USDA helping farmers manage tariffs

USDA helping farmers manage tariffs
Jul 03, 2018

A plan could be in place by September

By Diego Flammini
Staff Writer
Farms.com

The United States Department of Agriculture (USDA) is in the process of developing a support plan for American producers affected by tariffs.

Canada, China and Mexico have each placed retaliatory import duties on U.S. ag products in retaliation for American levies on steel and aluminum.

The USDA is exploring whether to call upon a program from the Depression to help producers through a time of uncertain trade relations.

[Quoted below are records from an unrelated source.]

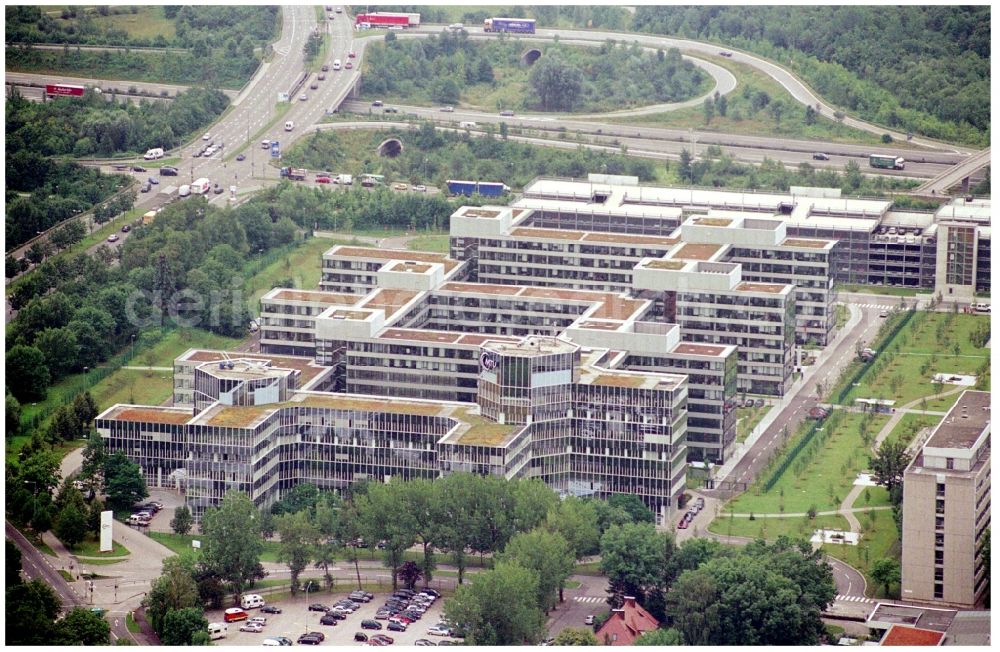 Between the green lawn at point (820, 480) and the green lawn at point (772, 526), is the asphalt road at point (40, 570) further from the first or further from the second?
the green lawn at point (820, 480)

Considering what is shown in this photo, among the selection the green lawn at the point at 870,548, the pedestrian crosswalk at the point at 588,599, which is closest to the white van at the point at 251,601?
the pedestrian crosswalk at the point at 588,599

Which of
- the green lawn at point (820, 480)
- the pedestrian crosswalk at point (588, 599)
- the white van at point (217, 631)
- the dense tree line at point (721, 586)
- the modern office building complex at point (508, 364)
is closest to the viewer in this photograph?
the dense tree line at point (721, 586)

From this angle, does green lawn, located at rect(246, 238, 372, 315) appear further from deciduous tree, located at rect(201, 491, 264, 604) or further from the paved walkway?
the paved walkway

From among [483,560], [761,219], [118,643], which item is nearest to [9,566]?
[118,643]

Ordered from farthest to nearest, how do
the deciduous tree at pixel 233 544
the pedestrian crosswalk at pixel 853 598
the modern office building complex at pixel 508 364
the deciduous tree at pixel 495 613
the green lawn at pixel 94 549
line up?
the modern office building complex at pixel 508 364
the green lawn at pixel 94 549
the deciduous tree at pixel 233 544
the pedestrian crosswalk at pixel 853 598
the deciduous tree at pixel 495 613

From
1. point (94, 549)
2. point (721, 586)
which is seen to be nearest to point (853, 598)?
point (721, 586)

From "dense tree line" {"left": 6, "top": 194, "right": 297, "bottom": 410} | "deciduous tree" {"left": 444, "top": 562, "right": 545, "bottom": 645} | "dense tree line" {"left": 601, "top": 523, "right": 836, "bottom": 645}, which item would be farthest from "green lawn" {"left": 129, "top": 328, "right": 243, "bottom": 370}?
"deciduous tree" {"left": 444, "top": 562, "right": 545, "bottom": 645}

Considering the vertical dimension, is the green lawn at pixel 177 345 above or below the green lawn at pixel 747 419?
above

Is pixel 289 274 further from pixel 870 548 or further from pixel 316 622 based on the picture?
pixel 870 548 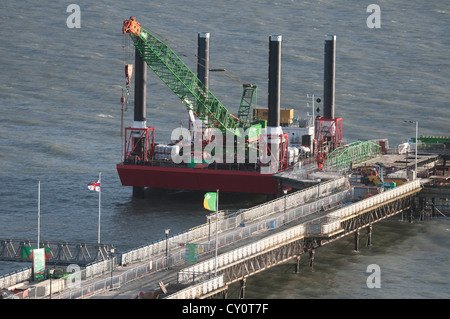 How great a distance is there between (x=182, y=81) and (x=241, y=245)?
48.2m

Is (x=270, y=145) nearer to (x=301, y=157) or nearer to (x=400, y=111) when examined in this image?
(x=301, y=157)

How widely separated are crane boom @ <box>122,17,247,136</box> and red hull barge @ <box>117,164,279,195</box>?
10155 mm

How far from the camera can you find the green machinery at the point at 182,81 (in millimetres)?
137500

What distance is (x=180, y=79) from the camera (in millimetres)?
140625

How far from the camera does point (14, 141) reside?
537ft

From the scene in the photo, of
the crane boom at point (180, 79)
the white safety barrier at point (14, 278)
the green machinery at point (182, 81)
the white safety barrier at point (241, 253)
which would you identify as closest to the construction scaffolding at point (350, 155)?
the green machinery at point (182, 81)

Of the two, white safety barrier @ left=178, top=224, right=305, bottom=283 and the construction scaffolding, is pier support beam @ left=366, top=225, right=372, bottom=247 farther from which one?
the construction scaffolding

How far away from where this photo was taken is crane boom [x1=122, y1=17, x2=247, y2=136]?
138 m

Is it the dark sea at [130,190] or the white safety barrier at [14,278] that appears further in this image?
the dark sea at [130,190]

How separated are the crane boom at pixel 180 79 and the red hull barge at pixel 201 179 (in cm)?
1015

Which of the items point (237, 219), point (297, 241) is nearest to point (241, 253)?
point (297, 241)

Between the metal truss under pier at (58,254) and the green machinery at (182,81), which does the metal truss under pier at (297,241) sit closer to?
the metal truss under pier at (58,254)

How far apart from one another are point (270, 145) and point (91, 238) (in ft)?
107

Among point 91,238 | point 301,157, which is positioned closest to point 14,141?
point 301,157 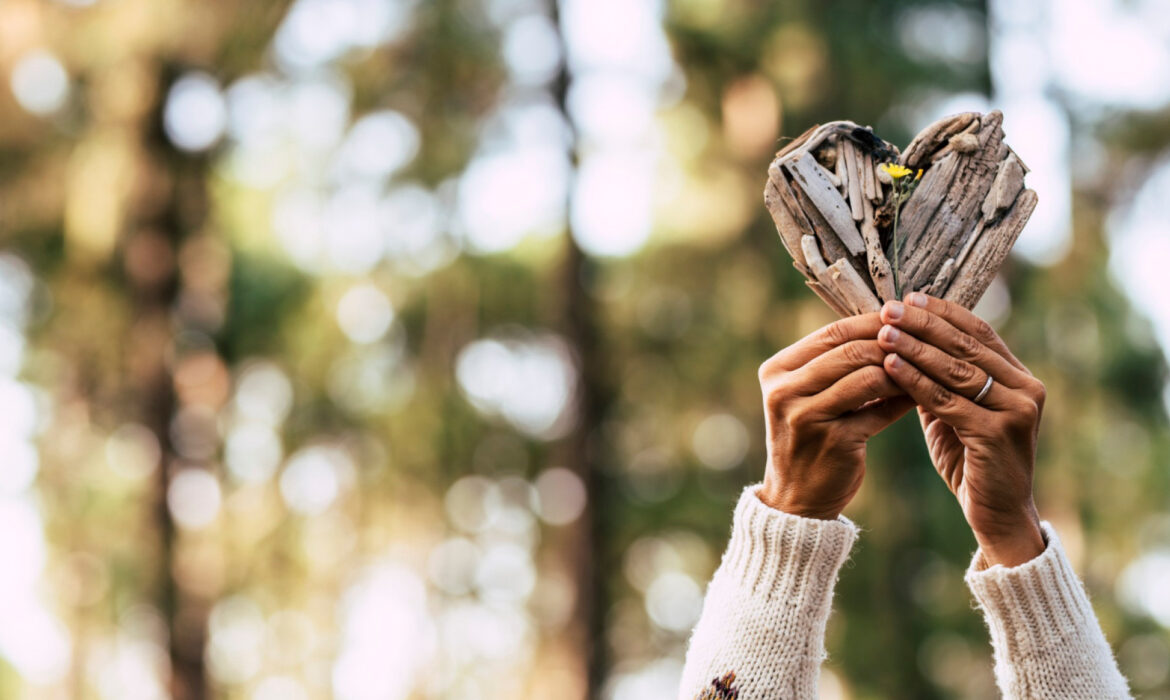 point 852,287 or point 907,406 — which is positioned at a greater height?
point 852,287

 Section 32 of the Agriculture Act of 1935 ets aside “the equivalent of 30 percent of annual customs receipts to support the farm sector through the purchase of surplus commodities.”

Section 32 spending in 2015 was about US$306 million, the Congressional Research Service says.

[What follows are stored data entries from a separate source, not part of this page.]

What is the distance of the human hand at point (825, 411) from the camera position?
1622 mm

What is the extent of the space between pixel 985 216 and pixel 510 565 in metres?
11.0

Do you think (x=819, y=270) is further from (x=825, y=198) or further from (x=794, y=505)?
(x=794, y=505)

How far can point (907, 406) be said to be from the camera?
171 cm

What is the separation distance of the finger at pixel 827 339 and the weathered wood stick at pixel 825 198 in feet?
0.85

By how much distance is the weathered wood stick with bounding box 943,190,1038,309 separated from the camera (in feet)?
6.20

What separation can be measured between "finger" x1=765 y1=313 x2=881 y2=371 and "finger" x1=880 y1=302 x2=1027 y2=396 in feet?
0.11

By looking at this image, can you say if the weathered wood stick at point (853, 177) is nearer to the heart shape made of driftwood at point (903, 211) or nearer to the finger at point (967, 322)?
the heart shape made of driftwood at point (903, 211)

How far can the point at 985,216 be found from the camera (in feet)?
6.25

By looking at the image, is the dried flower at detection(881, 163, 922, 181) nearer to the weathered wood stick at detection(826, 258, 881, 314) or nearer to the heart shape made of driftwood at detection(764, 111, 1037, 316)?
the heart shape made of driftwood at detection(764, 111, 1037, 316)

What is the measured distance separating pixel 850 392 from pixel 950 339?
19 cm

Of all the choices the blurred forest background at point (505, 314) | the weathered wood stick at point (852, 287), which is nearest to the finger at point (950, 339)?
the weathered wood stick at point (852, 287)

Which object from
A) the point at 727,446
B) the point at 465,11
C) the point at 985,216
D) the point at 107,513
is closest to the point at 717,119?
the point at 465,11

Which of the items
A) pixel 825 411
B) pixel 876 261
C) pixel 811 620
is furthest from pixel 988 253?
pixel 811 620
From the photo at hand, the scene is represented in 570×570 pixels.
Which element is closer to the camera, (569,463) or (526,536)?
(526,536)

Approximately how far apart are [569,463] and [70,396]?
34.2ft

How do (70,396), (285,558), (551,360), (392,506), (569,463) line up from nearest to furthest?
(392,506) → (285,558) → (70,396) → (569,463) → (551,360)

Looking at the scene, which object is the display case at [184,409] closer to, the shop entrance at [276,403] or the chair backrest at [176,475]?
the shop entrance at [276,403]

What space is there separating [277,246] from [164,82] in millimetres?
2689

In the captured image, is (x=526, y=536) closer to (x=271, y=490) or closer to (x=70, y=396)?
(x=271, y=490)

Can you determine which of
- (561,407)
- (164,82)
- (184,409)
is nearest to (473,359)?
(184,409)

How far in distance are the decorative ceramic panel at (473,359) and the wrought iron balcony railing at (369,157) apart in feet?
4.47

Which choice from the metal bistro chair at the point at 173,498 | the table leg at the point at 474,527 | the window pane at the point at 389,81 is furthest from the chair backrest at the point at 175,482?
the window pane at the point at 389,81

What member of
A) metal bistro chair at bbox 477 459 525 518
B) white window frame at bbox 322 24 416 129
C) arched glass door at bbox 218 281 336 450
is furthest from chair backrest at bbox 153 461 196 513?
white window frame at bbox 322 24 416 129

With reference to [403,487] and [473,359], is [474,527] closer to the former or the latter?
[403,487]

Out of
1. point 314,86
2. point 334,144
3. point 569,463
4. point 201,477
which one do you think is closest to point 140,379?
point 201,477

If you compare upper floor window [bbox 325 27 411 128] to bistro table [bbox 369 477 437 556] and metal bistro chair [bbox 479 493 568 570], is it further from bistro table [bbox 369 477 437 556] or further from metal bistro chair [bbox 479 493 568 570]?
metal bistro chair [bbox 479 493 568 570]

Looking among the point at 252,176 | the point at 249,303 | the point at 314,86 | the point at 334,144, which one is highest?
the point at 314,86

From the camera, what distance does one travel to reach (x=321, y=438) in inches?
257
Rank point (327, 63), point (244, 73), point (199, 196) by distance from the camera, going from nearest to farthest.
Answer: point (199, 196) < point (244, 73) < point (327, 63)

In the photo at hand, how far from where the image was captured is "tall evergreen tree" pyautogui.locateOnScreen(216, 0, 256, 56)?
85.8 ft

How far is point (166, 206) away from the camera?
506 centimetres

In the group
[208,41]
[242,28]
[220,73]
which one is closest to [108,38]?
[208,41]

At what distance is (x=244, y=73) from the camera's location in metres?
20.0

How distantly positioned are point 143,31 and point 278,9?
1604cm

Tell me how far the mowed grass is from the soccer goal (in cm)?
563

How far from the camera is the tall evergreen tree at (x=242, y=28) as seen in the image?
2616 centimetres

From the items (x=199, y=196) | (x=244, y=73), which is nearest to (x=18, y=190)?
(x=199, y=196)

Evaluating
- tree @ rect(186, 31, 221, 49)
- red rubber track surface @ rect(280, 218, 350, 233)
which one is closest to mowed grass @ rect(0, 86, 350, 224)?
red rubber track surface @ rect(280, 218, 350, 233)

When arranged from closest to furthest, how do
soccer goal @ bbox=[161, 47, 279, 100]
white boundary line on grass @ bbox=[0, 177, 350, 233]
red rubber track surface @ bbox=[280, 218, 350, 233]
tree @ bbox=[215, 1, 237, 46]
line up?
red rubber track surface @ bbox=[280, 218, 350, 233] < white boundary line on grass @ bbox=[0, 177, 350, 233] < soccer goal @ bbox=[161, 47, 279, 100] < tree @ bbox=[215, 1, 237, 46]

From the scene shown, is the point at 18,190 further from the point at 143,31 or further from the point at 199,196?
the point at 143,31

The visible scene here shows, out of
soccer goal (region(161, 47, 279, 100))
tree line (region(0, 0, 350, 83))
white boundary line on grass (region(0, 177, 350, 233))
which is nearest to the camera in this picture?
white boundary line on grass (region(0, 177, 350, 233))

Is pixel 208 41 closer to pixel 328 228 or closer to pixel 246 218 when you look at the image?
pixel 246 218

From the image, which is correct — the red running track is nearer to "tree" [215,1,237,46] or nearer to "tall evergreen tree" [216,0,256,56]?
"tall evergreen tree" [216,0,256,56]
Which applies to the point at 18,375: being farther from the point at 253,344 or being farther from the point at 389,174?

The USDA may have to purchase ag products from American farmers, said Secretary of Agriculture Sonny Perdue.

“That’s where we buy crops that don’t have a place to go and give them to school lunch programs and food banks. So, we’re using that and will continue to use that program as well,” Perdue said during a roundtable discussion yesterday, Jefferson Public Radio reports.

Secretary Perdue has until Labor Day to come up with a solution.

Using Section 32 doesn’t make up for low commodity prices, but it can help farmers in the meantime, Perdue said.

“We’d rather have trade then aid,” he said during the discussion. “There’s not a farmer in your area that wouldn’t rather have a good crop at a fair price than get a government check.”